Growth has to go wide
Even during the slowdown, there were sectors that grew well. Information technology grew the fastest, followed by paints, pharma, paper and tea plantation. However, these five sectors accounted for only 12.6% of the total revenues of the companies analysed by the RBI. In other words, for India’s GDP to rebound sharply, the spread of growth has to be wider in the economy.
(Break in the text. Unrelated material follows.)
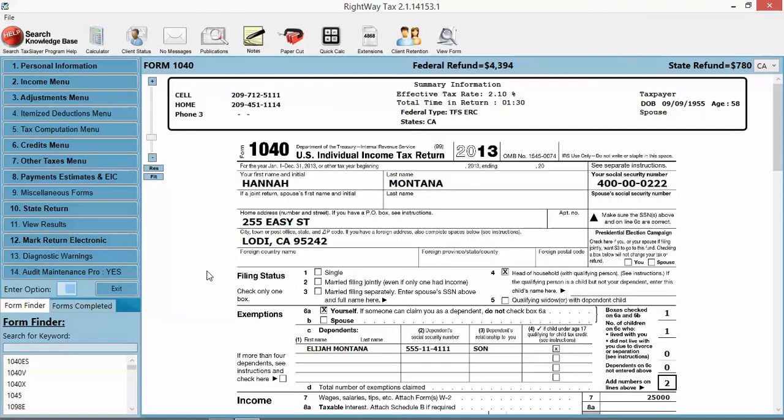to mark the return for e-file. We've added the 8879, we automatically add the bank application if you're choosing that, you capture all the signatures right there, keeps them on file in the tax return and in PaperCut for us. You can then just put in the taxpayer identification type, and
Mining was the worst-performing sector, contracting by nearly one-third. Jewellery was another sector that shrunk brutally, from 23% growth in 2012-13 to an 18% negative growth in 2013-14.
Turnarounds are few and far in between
While several sectors went from bad to worse, there were only a handful that went from bad to good. Television and communication equipment saw a reversal due to demand from telecom companies that are investing more to set up next-generation networks.
It pays to work for software firms
RBI classified companies in this study into three categories: manufacturing, information technology (IT) and services other than IT. IT employees received the highest increase in salaries in 2013-14, though it was marginally lower than in the previous fiscal. This data captures total expenditure on wages, and new hires might partly account for the changes.
The sector breakup of wages also shows how much the Indian economy has tilted away from manufacturing to services. In the RBI study, 209 IT firms spent Rs86,700 crore on salaries. By comparison, 1,966 manufacturing firms spent Rs102,300 crore ($16.82 billion) on wages, only 18% higher than what IT firms spent.